In fact, they rose in market power despite (and in actuality because) of the rules they imposed and commission they charged, which to the courts signifies that the market didn’t actually mind it so much at the time and could withstand those elements.
If tomorrow Apple would introduce draconian measures and insist on taking 30% of every deal made on Apple devices and 30% of every purchase, physical or otherwise, on Apple devices and heck, for good measure, take 30% of everyone user’s paycheck, two things would happen.
1) the courts would rule that to be an antitrust violation because Apple, now that people are dependent on their devices and after they’ve gained market dominance, is imposing these restrictions
2) people would drop their Apple devices in a heartbeat and switch over to Windows and Android
The ramifications of 1 will be directly tied to the possibility of 2
If however Apple did this back in the early 2000s, number 1 would never happen but number 2 would, because Apple wouldn’t have enough market power to warrant #1 and the “natural balance” would be restored by #2
The more #2 is less feasible because of the market power, the more Apple is constrained in taking wild actions like that for fear of #1, but it will never be applied retroactively because the logic is that people wouldn’t have signed up in the first place if the “offender” doesn’t have market power because people would’ve chosen a different option.

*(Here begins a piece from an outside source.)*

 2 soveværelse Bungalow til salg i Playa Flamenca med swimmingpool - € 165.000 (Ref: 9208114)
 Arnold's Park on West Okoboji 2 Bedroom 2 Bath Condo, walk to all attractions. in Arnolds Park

> I think the crowd at HN is very smart for some things, but incredibly self-centered and out of touch with the broader reality on many topics. Not everyone makes hundreds on thousands of dollars on Tech jobs, not all devs sell millions of copies, and neither you will make that for the rest of your life.
All of this is completely irrelevant because we’re talking about a commission rate that is directly tied to the revenue of a dev. So if a dev doesn’t make any sales or or only a handful of sales, then they won’t be paying any commission or a minor amount in absolute numbers, especially when you consider that those devs would pay 15% instead of 30%.

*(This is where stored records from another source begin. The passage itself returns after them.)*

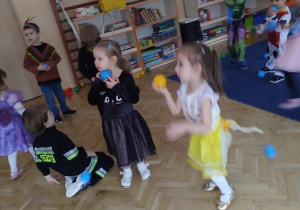 Dzieci trzymają piłeczki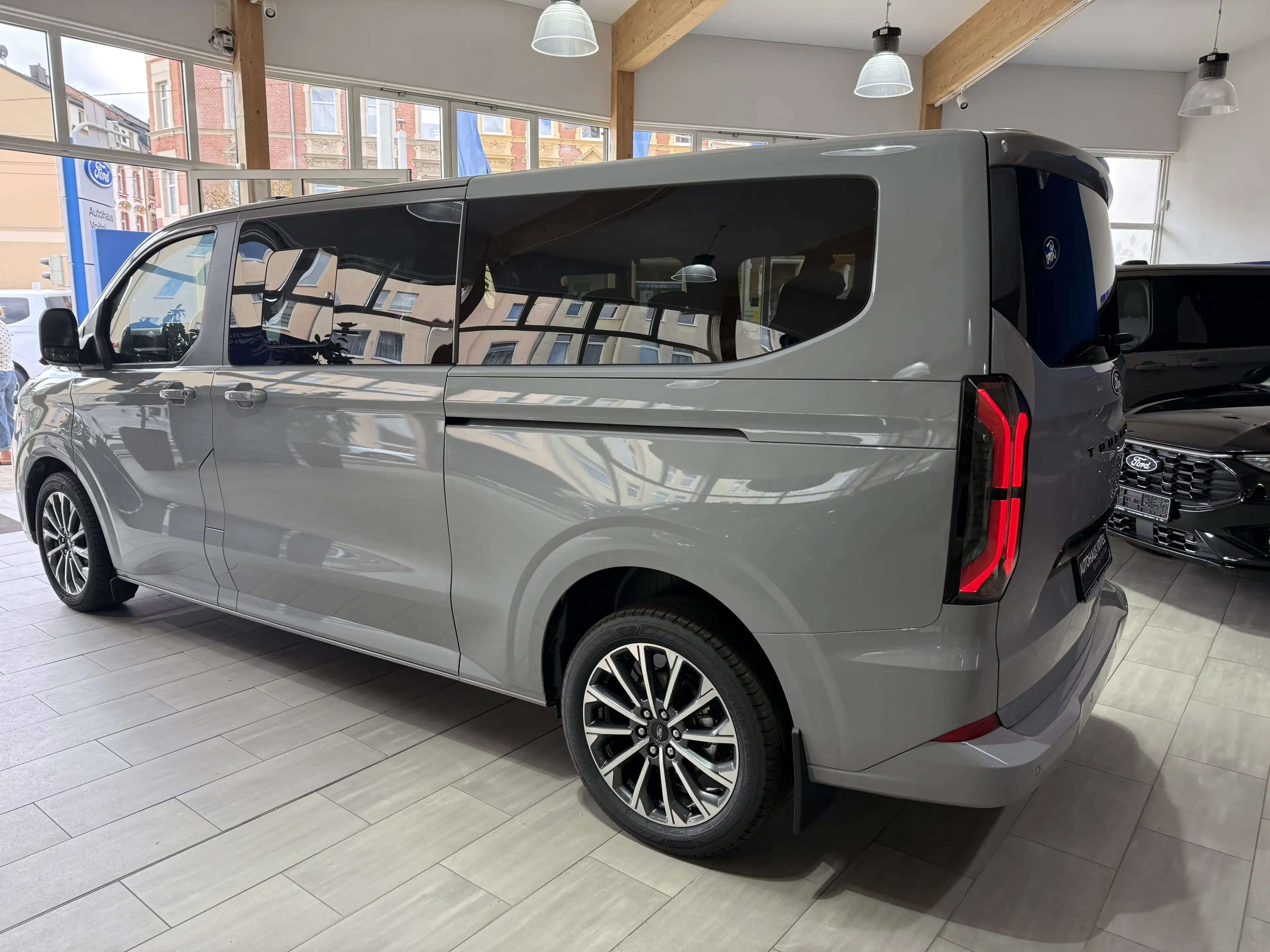Ford Tourneo Custom Titanium X L2 AWD elek. AHK / B&O / Standheizung — photo 7
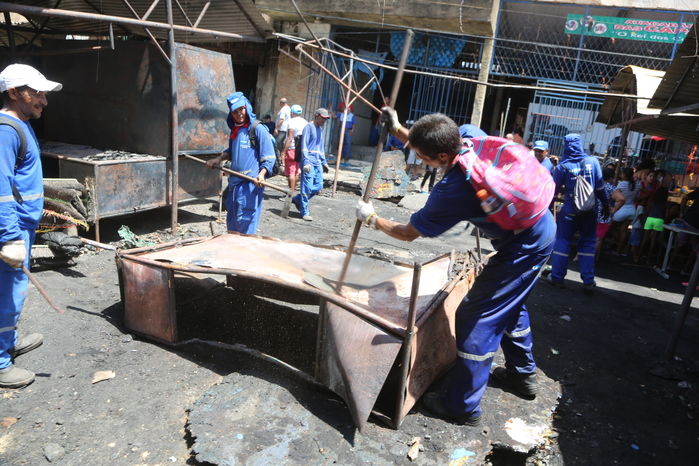 Incêndio no Mercado Central destruiu 68 barracas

You’re talking about this as if people owe 30% over something that isn’t directly correlated to their revenue and you analogy where gasoline usage is the main driver of what is owed, reflects this as well.

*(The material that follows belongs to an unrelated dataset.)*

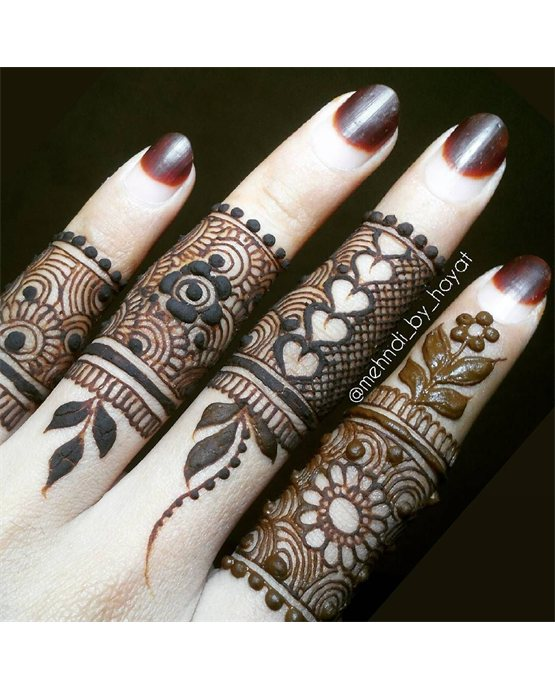 Sketch And Scallop Luxurious Royal Finger Mehndi Design Art Sketch And Scallop Luxurious Royal Finger Mehndi Design Art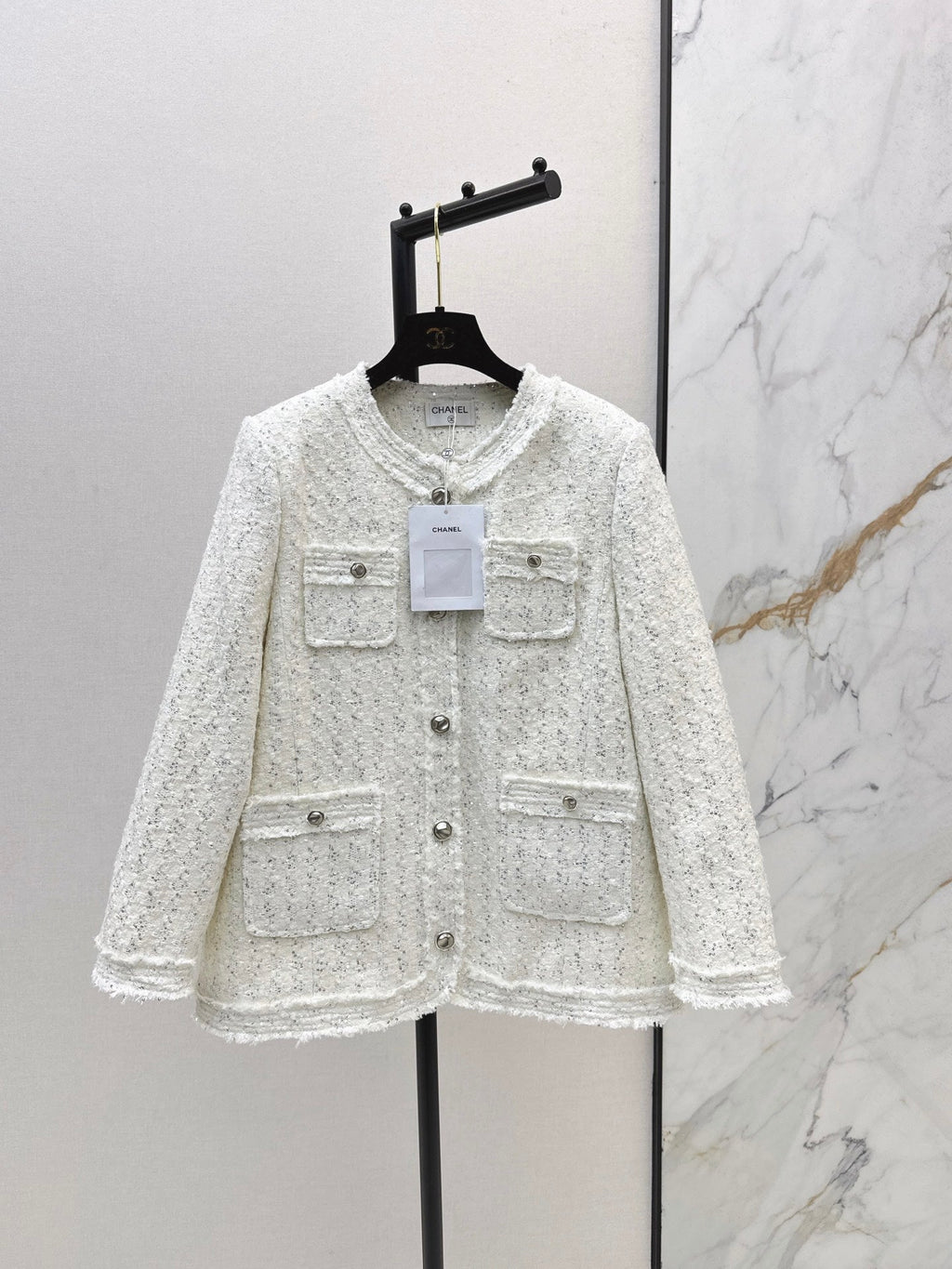 26Latest Autumn/Winter "Chanel-style" Woven Tweed-Effect Goose Down Jacket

> As I said somewhere on the page, Apple owes large part of what it is today to the dev environment (Things,Devonthink, etc) which created attractive products only available on Mac. IOS or MacOs without third party apps is pretty boring.
True, but the inverse is true as well. It’s a symbiotic relationship, literally a rising tide that lifts both developers and Apple. If developers aren’t doing well, Apple isn’t doing well, if Apple isn’t doing well developers aren’t doing well. Which is why it’s a commission that’s tied to revenue. Apple gets more when I get more and Apple gets less when I get less.
I literally couldn’t do my work as a developer if Apple hadn’t provided me with the frameworks and tools I use on a daily basis.
We can argue if the value of what they’ve offered me is worth the 15% I pay or even 30%, but that’s a personal value judgement.
> Apple now has divorced developers and screaming for their share of alimony every month.
Another analogy.
You might overestimate how most developers, especially the small guys you seem so concerned about, care about the commission.
But since you like analogies so much, I think it’s more akin to Apple chartering a plane, providing a pilot, and renting out a hotel for us developers to get to a trade conference hosted by Apple to sell our stuff in exchange for a cut of the proceeds.
Now all of a sudden there are few people on the plane who have been making bank at prior conventions and they want to get off mid flight, because they prefer using their own private jet and mansions and host their own trade show.
All the while the people on the ground a yelling “Yeah! Let all those poor people get off the plane!” and I just want to get where I’m heading.